Publication Citation

64 Alabama Law Review 91 (2012).

Abstract

This Article explores the significant role cost–benefit analysis (CBA) plays in facilitating or impeding legislative and regulatory policy decisions. The Article centers around three case studies of CBAs the EPA prepared under three different presidents: (1) Clinton Administration changes to Clean Air Act air quality standards for ozone and particulate matter; (2) President Obama’s recent decision to suspend the EPA’s reconsideration of the Bush Administration’s air quality standard for ozone; and (3) the George W. Bush Administration’s “Clear Skies” legislative initiative.

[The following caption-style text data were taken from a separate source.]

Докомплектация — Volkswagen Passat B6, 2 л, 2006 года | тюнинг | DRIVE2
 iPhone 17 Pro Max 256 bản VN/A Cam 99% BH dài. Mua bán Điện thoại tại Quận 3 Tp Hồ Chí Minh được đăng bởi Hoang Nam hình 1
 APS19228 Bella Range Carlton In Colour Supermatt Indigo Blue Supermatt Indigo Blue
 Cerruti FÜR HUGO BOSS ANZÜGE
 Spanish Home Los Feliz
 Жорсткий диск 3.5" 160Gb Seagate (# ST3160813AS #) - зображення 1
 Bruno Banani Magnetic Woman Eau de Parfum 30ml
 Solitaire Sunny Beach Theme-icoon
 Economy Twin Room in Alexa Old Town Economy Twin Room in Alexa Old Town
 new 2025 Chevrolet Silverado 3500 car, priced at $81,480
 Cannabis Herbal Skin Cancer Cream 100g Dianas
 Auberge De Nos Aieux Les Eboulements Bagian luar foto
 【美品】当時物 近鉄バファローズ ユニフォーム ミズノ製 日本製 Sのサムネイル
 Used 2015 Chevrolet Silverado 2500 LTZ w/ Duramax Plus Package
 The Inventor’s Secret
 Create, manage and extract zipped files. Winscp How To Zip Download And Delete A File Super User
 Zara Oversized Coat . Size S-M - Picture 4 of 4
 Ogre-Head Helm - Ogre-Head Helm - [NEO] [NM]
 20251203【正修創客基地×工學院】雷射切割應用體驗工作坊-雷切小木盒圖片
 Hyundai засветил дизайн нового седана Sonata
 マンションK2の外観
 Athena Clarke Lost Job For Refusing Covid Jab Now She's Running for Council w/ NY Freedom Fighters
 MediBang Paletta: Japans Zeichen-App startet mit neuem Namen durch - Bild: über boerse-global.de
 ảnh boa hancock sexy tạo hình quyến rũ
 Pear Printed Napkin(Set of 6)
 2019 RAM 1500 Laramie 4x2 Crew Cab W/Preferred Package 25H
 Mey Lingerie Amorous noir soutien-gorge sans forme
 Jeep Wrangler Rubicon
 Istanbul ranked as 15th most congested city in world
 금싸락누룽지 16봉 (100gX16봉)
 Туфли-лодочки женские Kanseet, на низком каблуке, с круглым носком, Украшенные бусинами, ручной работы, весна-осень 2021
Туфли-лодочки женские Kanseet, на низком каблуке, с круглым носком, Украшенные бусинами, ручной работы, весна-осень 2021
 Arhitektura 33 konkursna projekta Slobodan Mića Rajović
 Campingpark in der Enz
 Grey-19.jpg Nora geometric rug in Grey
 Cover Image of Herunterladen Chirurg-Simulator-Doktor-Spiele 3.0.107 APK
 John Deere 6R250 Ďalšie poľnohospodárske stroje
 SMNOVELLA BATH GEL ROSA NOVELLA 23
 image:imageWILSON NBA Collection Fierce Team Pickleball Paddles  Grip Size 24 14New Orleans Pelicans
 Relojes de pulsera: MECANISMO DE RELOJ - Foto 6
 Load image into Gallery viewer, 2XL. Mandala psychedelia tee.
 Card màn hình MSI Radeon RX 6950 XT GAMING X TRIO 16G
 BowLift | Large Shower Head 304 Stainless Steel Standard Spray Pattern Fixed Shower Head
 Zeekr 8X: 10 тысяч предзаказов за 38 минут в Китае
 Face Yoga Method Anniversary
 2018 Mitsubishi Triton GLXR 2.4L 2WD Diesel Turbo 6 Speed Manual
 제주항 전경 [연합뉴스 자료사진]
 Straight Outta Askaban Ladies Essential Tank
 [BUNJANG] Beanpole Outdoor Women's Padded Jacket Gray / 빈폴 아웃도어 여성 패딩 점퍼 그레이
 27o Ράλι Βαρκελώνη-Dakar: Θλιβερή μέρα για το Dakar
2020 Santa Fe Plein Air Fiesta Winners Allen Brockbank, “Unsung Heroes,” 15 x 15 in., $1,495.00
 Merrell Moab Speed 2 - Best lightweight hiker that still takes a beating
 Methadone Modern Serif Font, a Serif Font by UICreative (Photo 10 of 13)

The first two case studies demonstrate, between them, how well-constructed CBAs can facilitate social-welfare-enhancing and impede welfare-reducing rules, even in cases where explicit consideration of costs is legally prohibited. The third case study tells a more complex story of how CBAs can be manipulated either to promote welfare-reducing regulations or impede welfare-enhancing regulations. When that happens, however, the virtuous transparency of CBAs renders those efforts liable to discovery and disclosure, as in the case of the Bush Administration’s failed “Clear Skies” initiative. The Article concludes with an assessment of the implications of the case studies for our understanding of the role of CBA in political (both legislative and regulatory) processes, and with a call for more qualitative and quantitative empirical research on the use and abuse of CBA as a political tool.